Work instruction => All of the data below should be repeated exactly. Pictures should not be included.

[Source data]
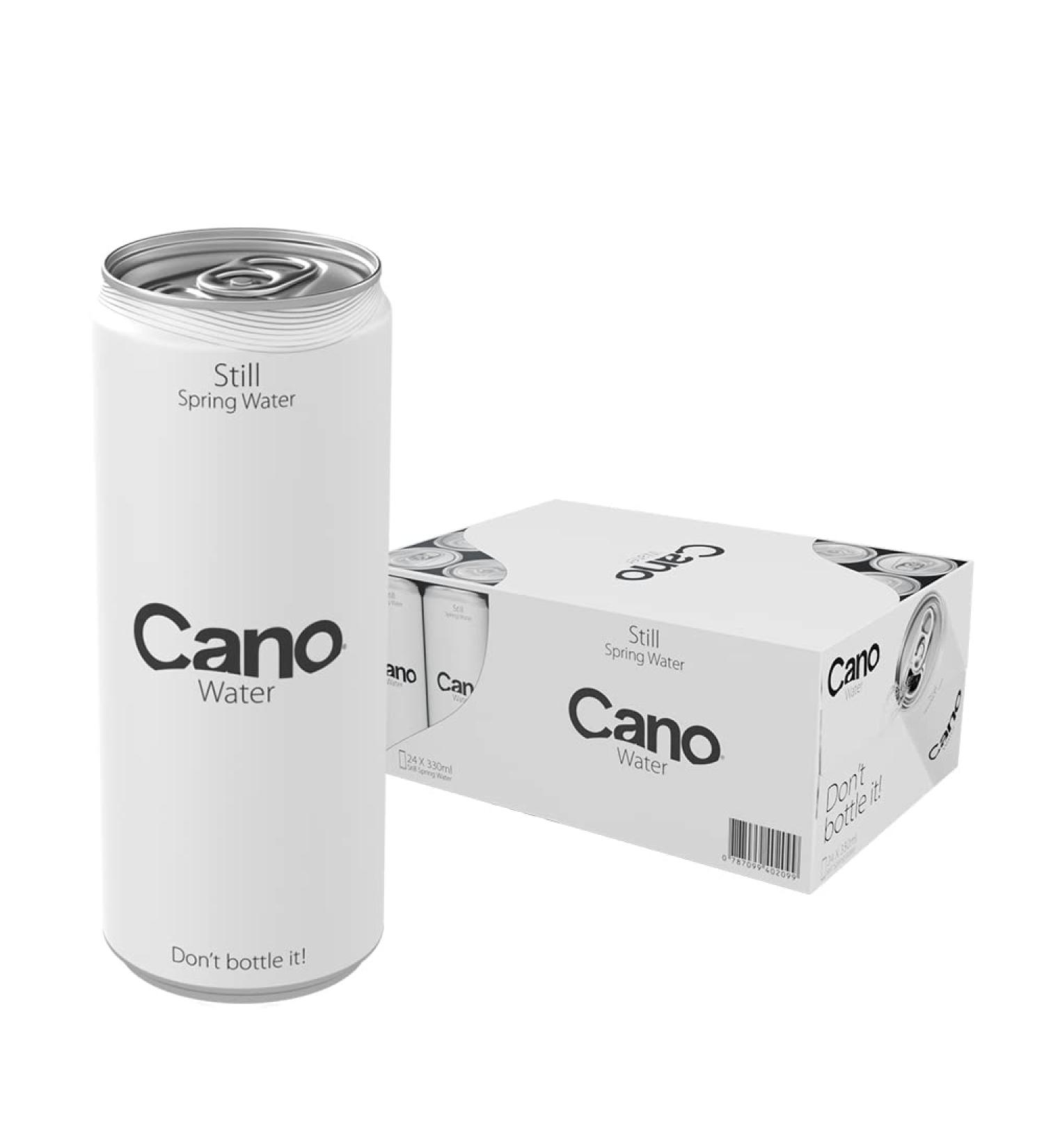 CanO Water Still Water Ring-Pull Can 330ml (Pack of 24) - Buy Online on GoSupps.com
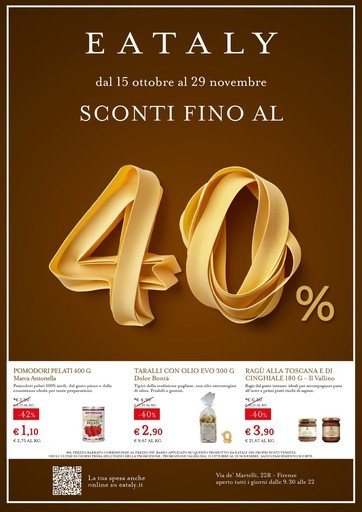 Volantino Eataly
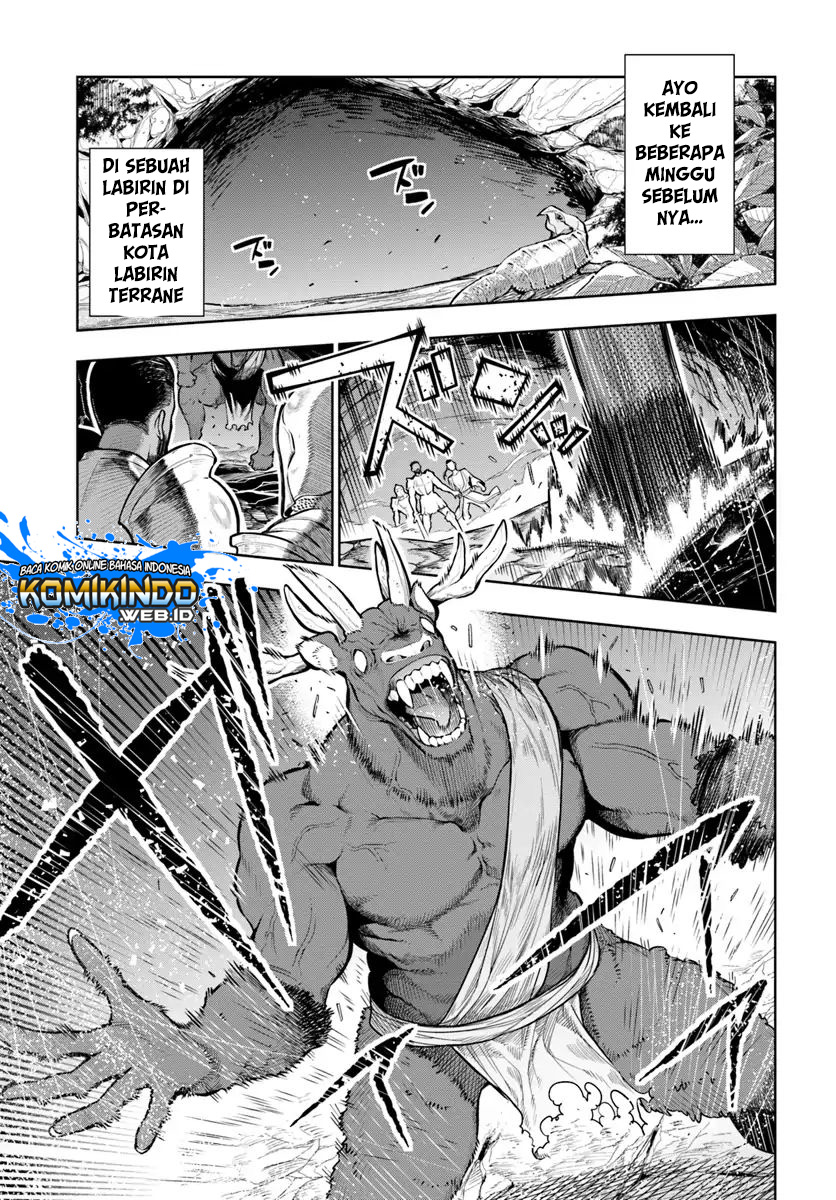 The Adventurers That Don’t Believe In Humanity Will Save The World Chapter 01.1 Gambar 4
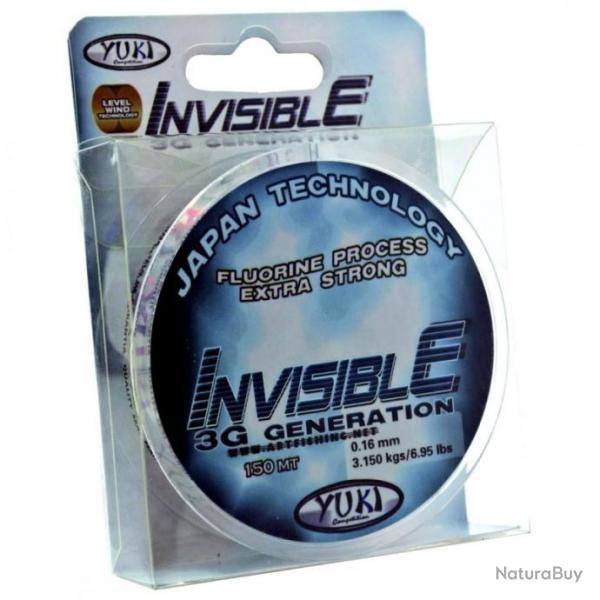 Nylon Yuki Invisible 3G Generation 150m 16/100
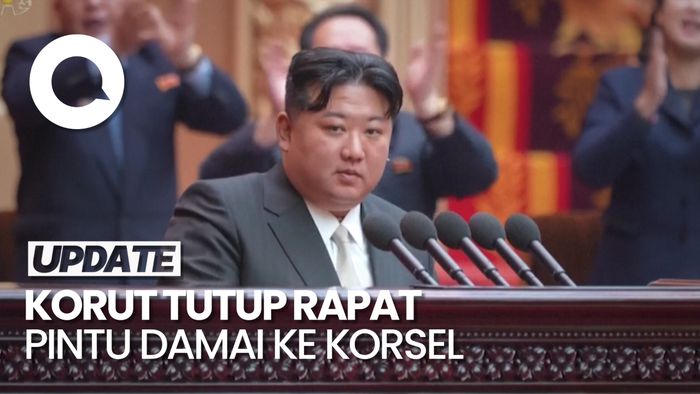 Tutup Rapat Pintu Rekonsiliasi Kim Jong Un untuk Korsel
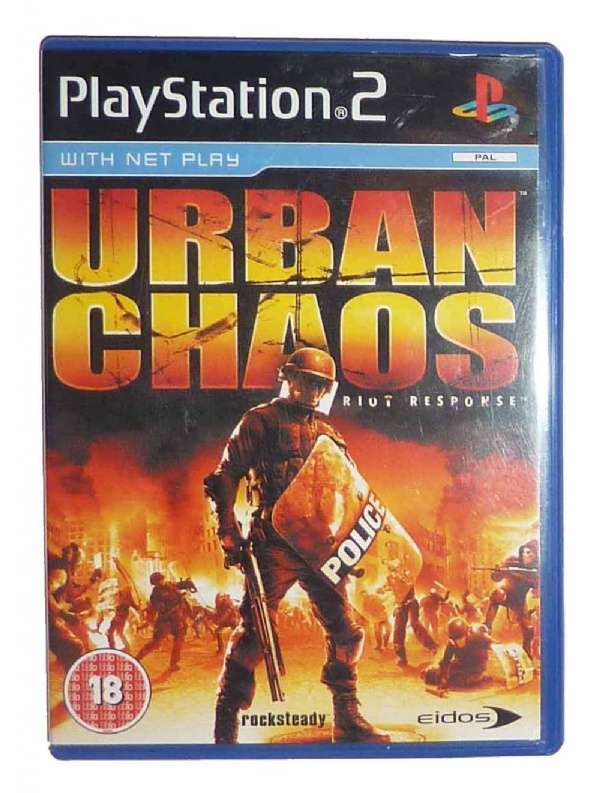 Urban Chaos Riot Response PS2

Problem solution =>
 CanO Water Still Water Ring-Pull Can 330ml (Pack of 24) - Buy Online on GoSupps.com
 Volantino Eataly
 The Adventurers That Don’t Believe In Humanity Will Save The World Chapter 01.1 Gambar 4
 Nylon Yuki Invisible 3G Generation 150m 16/100
 Tutup Rapat Pintu Rekonsiliasi Kim Jong Un untuk Korsel
 Urban Chaos Riot Response PS2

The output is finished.